Par une délicatesse dont on ne l’aurait pas cru capable, John Browdie saisit cette occasion pour rire aux éclats et longtemps, afin d’éviter les remercîments de Nicolas ; puis il fit sentir l’éperon à son cheval et le lança au petit galop, se retournant de temps en temps pour regarder Nicolas, et agitant la main comme pour l’encourager. Nicolas suivit des yeux le cheval et le cavalier jusqu’à ce qu’ils disparussent derrière une colline éloignée, et il continua son voyage.

Il ne fit pas beaucoup de chemin ce jour ; la nuit était déjà venue, et la neige rendant la marche pénible et la route incertaine, il passa la nuit dans une chaumière, où l’on donnait à coucher à bas prix à la plus humble classe des voyageurs, se leva de bonne heure, et arriva vers le soir à Boroughbridge. En cherchant un abri dans cette ville, il arriva à une grange isolée à quelques centaines de pas de la route. Il étendit dans un coin ses membres fatigués, et fut bientôt endormi.

À son réveil, au moment où il repassait dans sa mémoire ses songes, qui avaient tous rapport à son séjour au château de Dotheboys, il se frotta les yeux, et aperçut, non sans trouble, un être immobile à peu de distance de lui.

— C’est étrange ! s’écria-t-il ; est-ce un reste des rêves qui viennent de me quitter ? Ce ne peut être une réalité… et cependant je suis bien éveillé… Smike !

La figure remua, se leva, s’avança et tomba à ses pieds : c’était Smike.

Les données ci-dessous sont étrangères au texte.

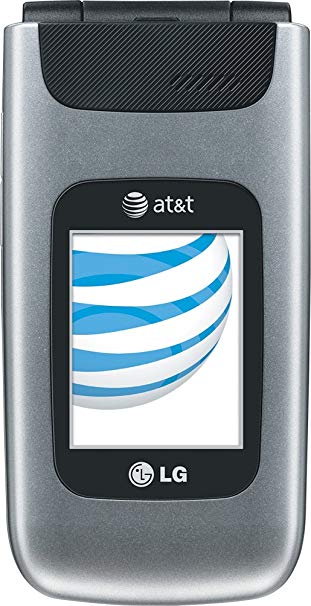 LG A340, Silver (AT&T)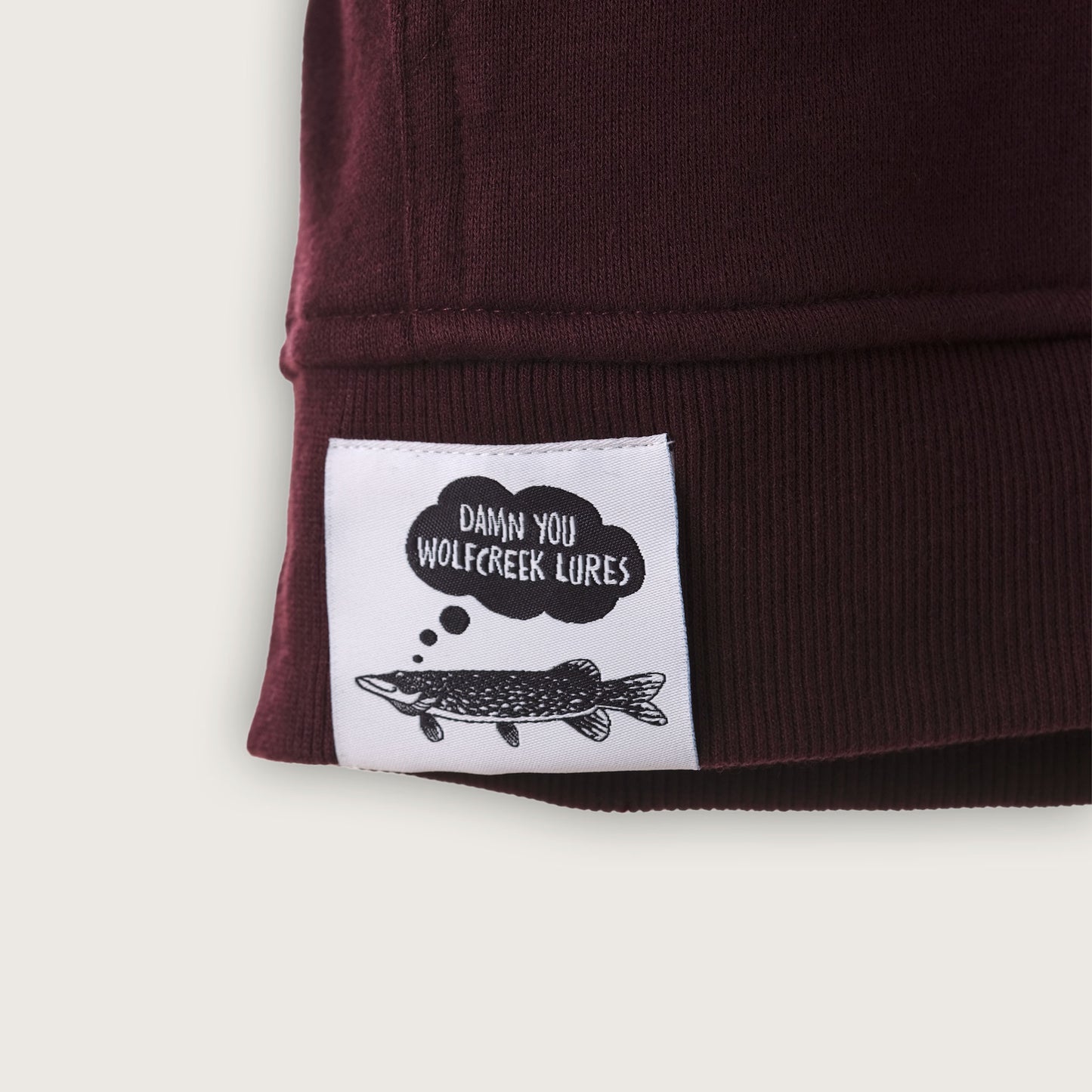 WLFCRK LRS Hoodie Wine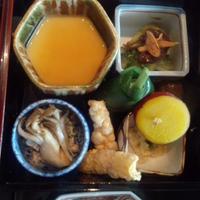 京都 吉兆 名古屋店 - 茶碗蒸しなどの八寸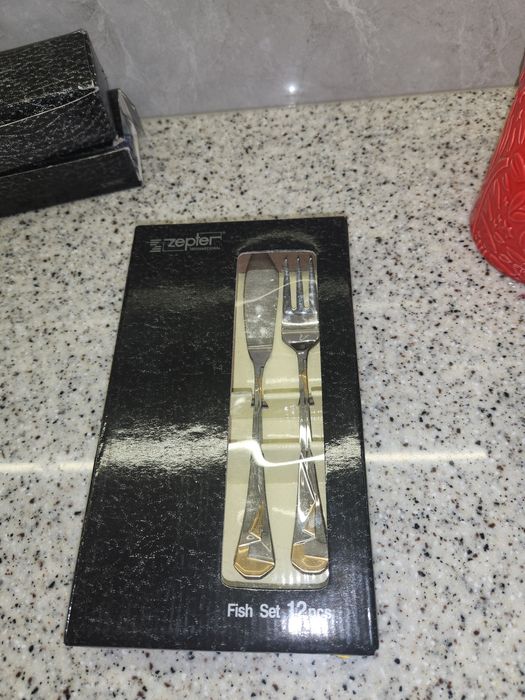 Цептер. Набор для рыбных блюд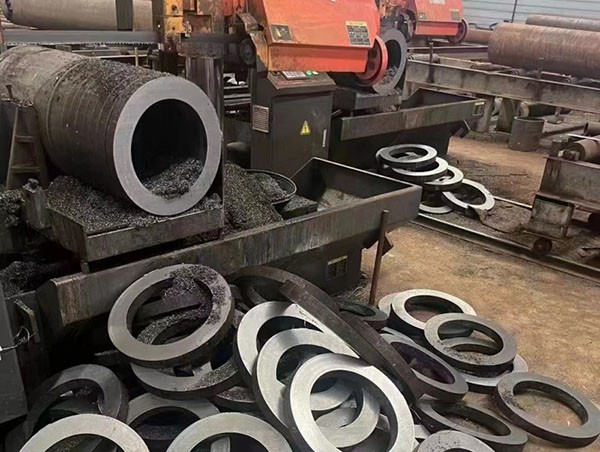 榆阳零售 42CrMo无缝管 切割下料 试样采购
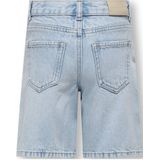 ONLY GIRLS - Loose Fit Denim Shorts - Blauw - Denim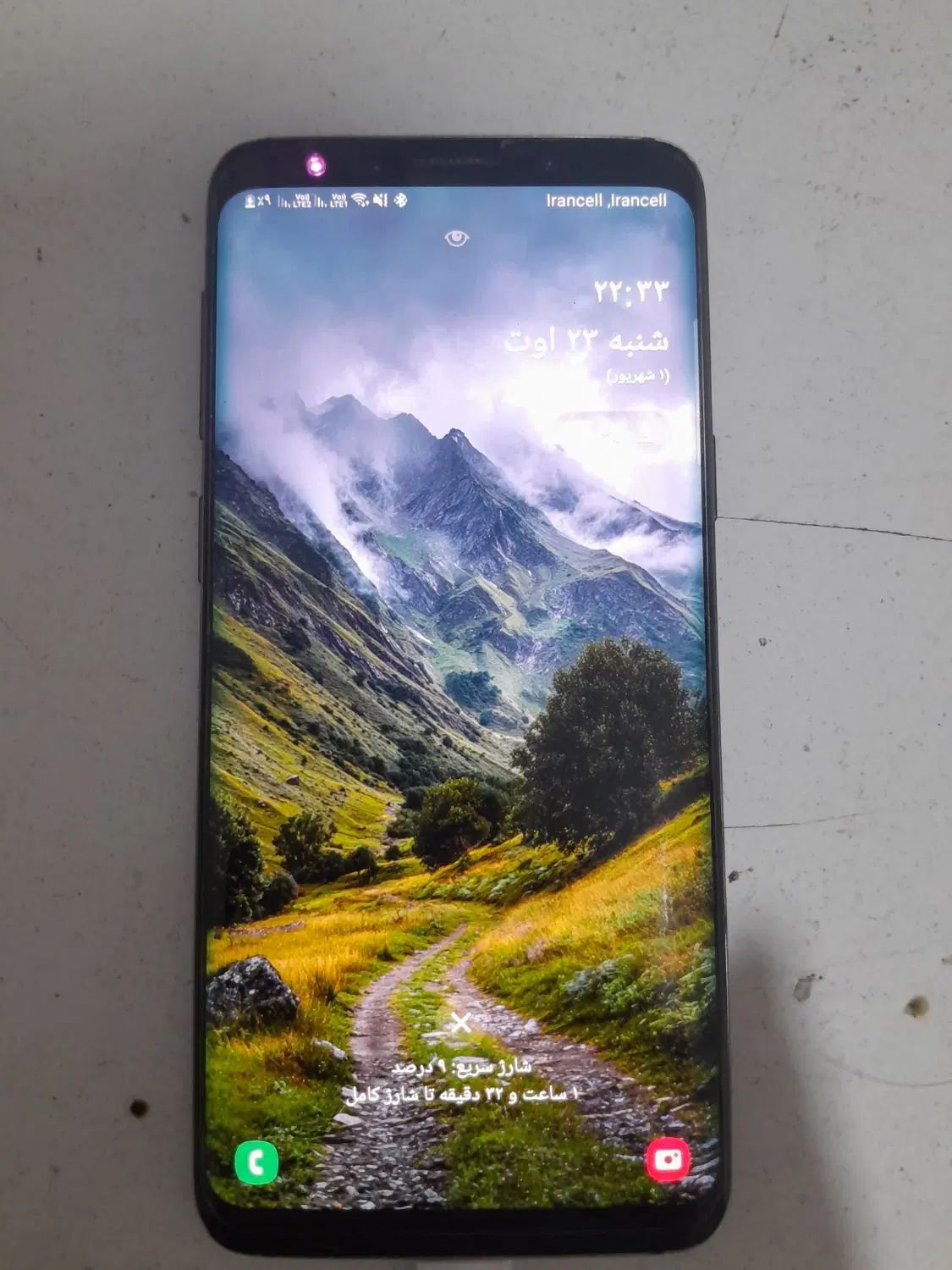 galaxy s9 64 GB|موبایل|مشهد, مصلی (کارمندان اول)|دیوار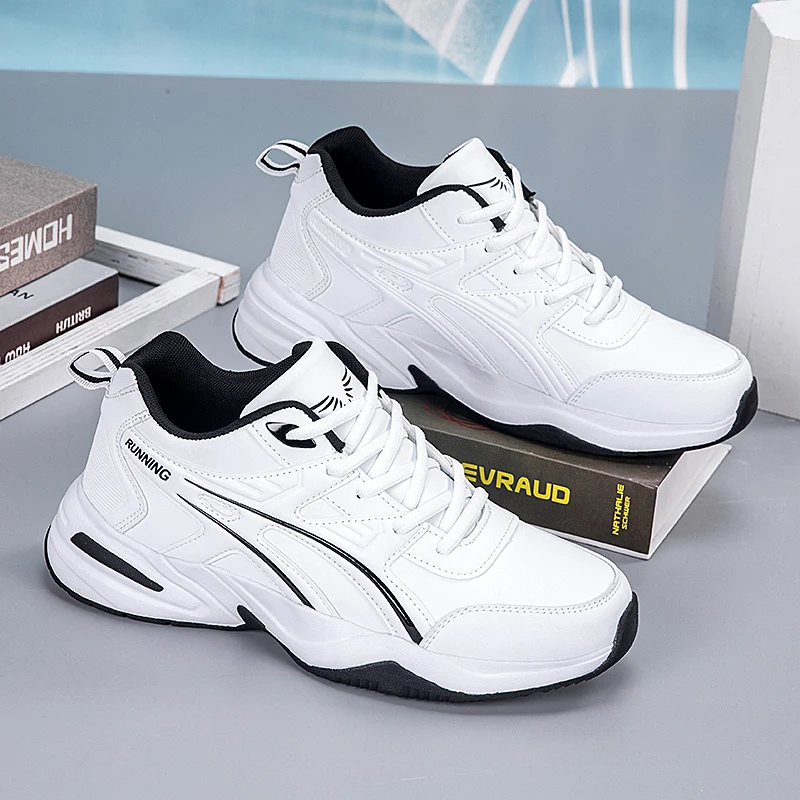 

Men's new sports shoes breathable four season casual versatile light fashion wear-resistant outdoor running leisure sports shoes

— Pourquoi vous agenouiller ? dit Nicolas en le relevant précipitamment. — Pour vous demander à vous suivre partout, au bout du monde, au tombeau même, répliqua Smike en lui saisissant la main ; accordez-le-moi, vous êtes mon appui, mon ami, mon protecteur ; emmenez-moi, je vous en conjure. — Je suis un ami qui ne peut faire grand’chose pour vous, dit Nicolas avec bonté. Comment vous trouvez-vous ici ? — Je vous ai suivi, je ne vous ai pas perdu de vue un moment, je me suis arrêté quand vous vous arrêtiez, j’ai veillé sur votre sommeil, mais sans oser me montrer, de peur d’être renvoyé. Je ne voulais pas encore paraître, mais vous vous êtes réveillé tout d’un coup, et je n’ai pas eu le temps de me cacher. — Pauvre garçon ! Votre triste destinée ne vous accorde qu’un ami, et il est presque aussi pauvre et aussi dénué que vous. — M’est-il permis de vous suivre ? demanda Smike timidement ; je serai votre serviteur laborieux et fidèle. Je n’ai pas besoin de vêtements, ceux-ci suffiront, ajouta-t-il en rajustant ses haillons ; tout ce que je désire, c’est de rester auprès de vous. — Et vous y resterez ! s’écria Nicolas, et le monde nous traitera l’un comme l’autre, jusqu’à ce que l’un de nous le quitte pour un monde meilleur. Allons, à la grâce de Dieu !

À ces mots, il chargea sa valise sur ses épaules, prit son bâton d’une main, tendit l’autre à Smike désormais placé sous sa tutelle, et tous deux sortirent de la vieille grange.